The question whether the states in $D=2m + 2$ dimensional string theory, which carry a representation of $SO(2m)$, span spaces which carry representations of $SO(2m+1)$ seems hopelessly complicated. For $m=1$, i.e in the most interesting case $D=4$, however, it boils down to the following question.

Let $h(x,q)$ be the function: $$ h(x,q) = \sum_N (q^N \sum_n h_{N,n} x^n) = \prod_{i=1}^{\infty} 1/((1-q^i*x)(1-q^i/x)) $$

Are the differences $d_{N,n}=h_{N,n}-h_{N,n+1}$ nonnegative for all $N\ge 2$ and all $n\ge 0$? ($h_{N,n}=0$ for $|n|>N$)

One easily sees $d_{N,N}=1, d_{N,N-1}=0$.

My calculations of about 20 nontrivial differences confirm the conjecture for $N\le 8$.
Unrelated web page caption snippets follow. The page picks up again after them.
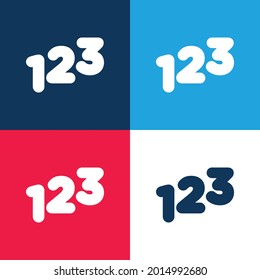 123 Numbers blue and red four color minimal icon set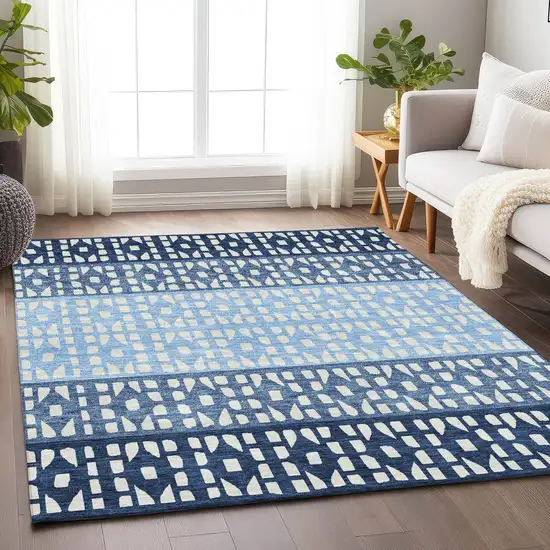 Blue And Ivory Geometric Washable Area Rug With UV Protection Photo 4
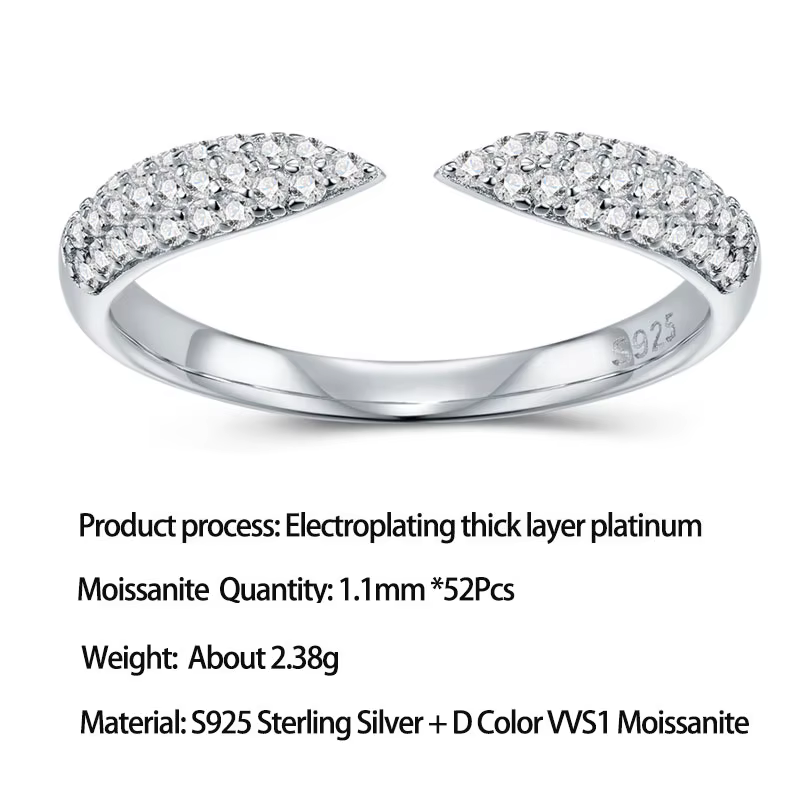 Bague ouverte en argent sterling S925 LinkerLove avec moissanite, plaquée or blanc, pour femme, idéa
Added information: The numerical evaluation of $h(x,q)$ confirms the conjecture for $N\le 51$: http://www.itp.uni-hannover.de/~dragon/part1.erg , where the differences $d_{N,n}$ are listed as $A[N,n]$.

To exclude the special case $N=1$ one could add $q$ to $h(x,q)$ and try to prove that $$d(q,x)=(x-1/x)(q+h(x^2,q))=\sum_{m,n\ge 0}d_{m,n}q^m (x^{2n+1}-x^{-(2n+1)})$$ is a function with $d_{mn}\ge 0$ for all $m\ge 0$ and for all $n \ge 0\,$.